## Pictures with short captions
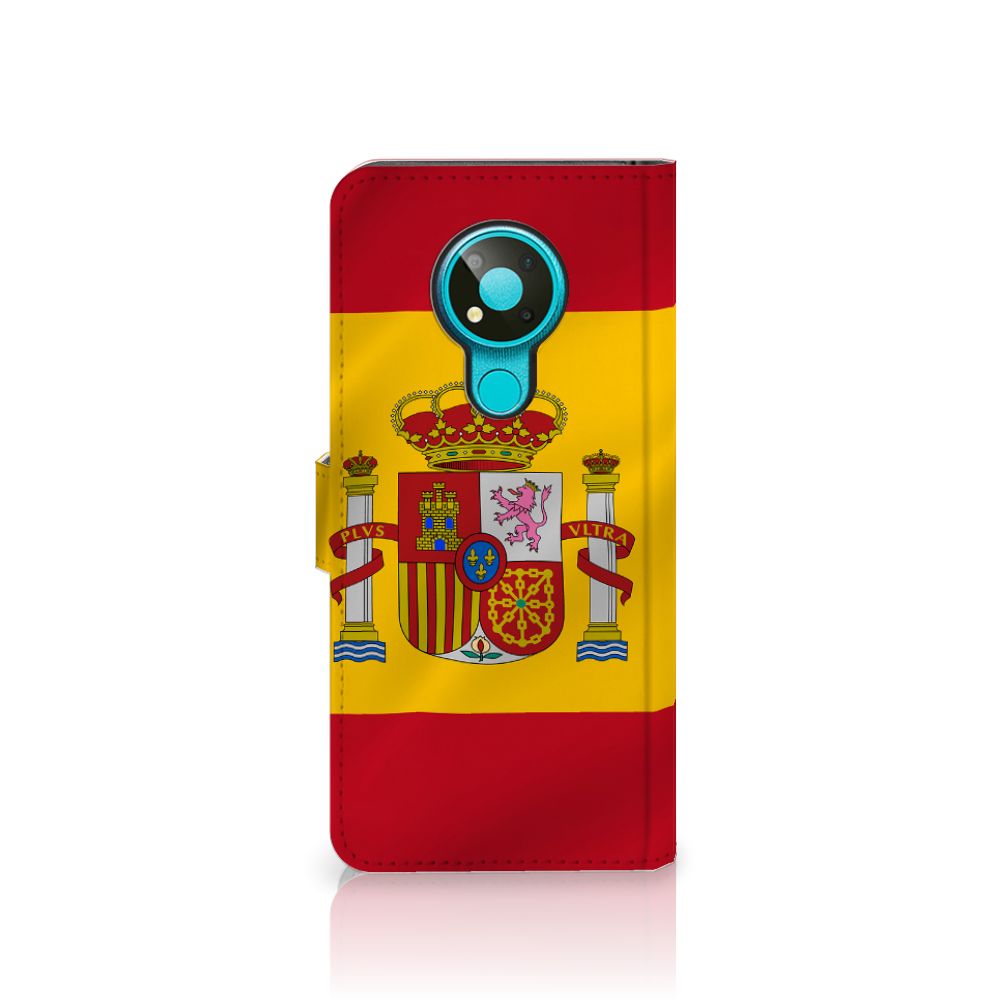 Nokia 3.4 Bookstyle Case Spanje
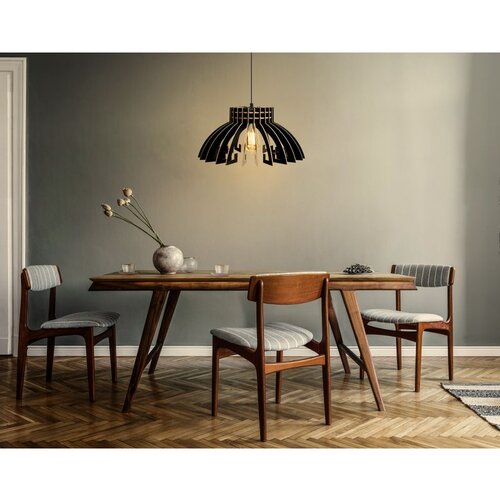 Opviq 167-T black chandelier Cene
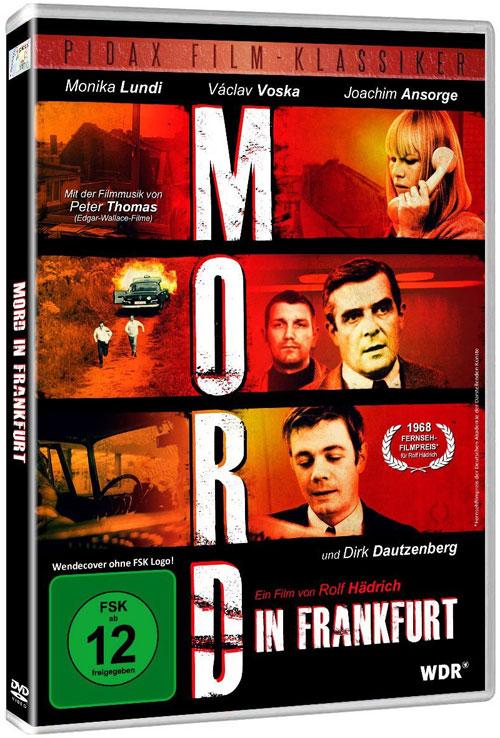 DVD Cover: Pidax Film-Klassiker: Mord in Frankfurt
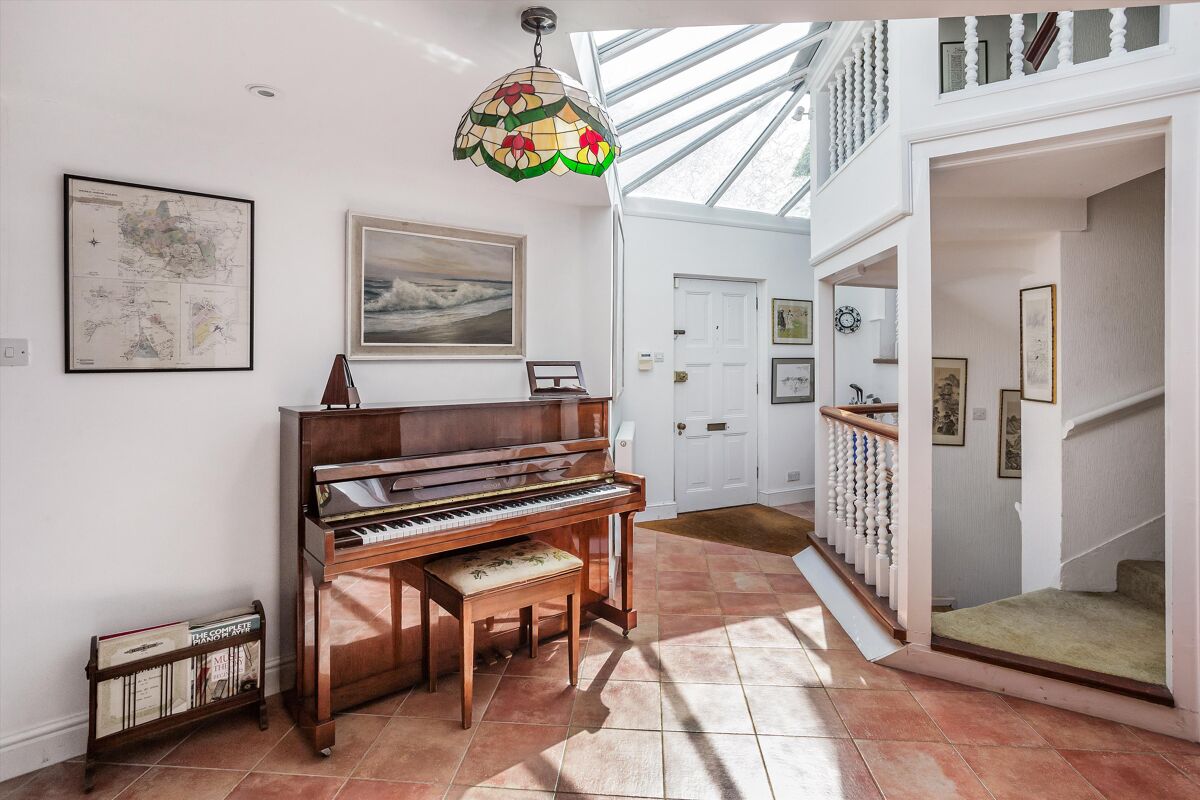 house for sale in Warren Lodge, Lombard Street, Shackleford, Godalming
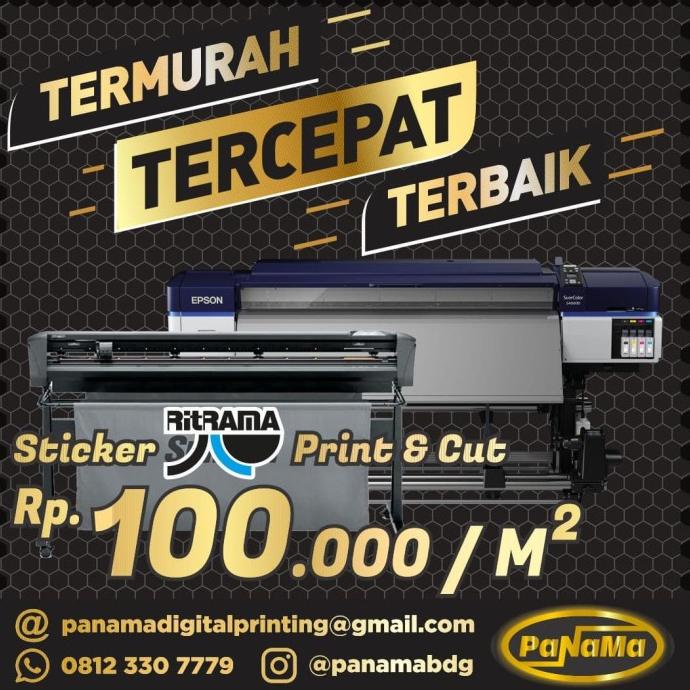 

Print & Cut Sticker Ritrama, Print Cut Stiker Meteran Murah, Bandung HOT PROMO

## Assignment
Would you write out exactly the lines of the data from the one holding "house for sale" to the final line, both included, with pictures left out?

## Exercise solution
 house for sale in Warren Lodge, Lombard Street, Shackleford, Godalming

Print & Cut Sticker Ritrama, Print Cut Stiker Meteran Murah, Bandung HOT PROMO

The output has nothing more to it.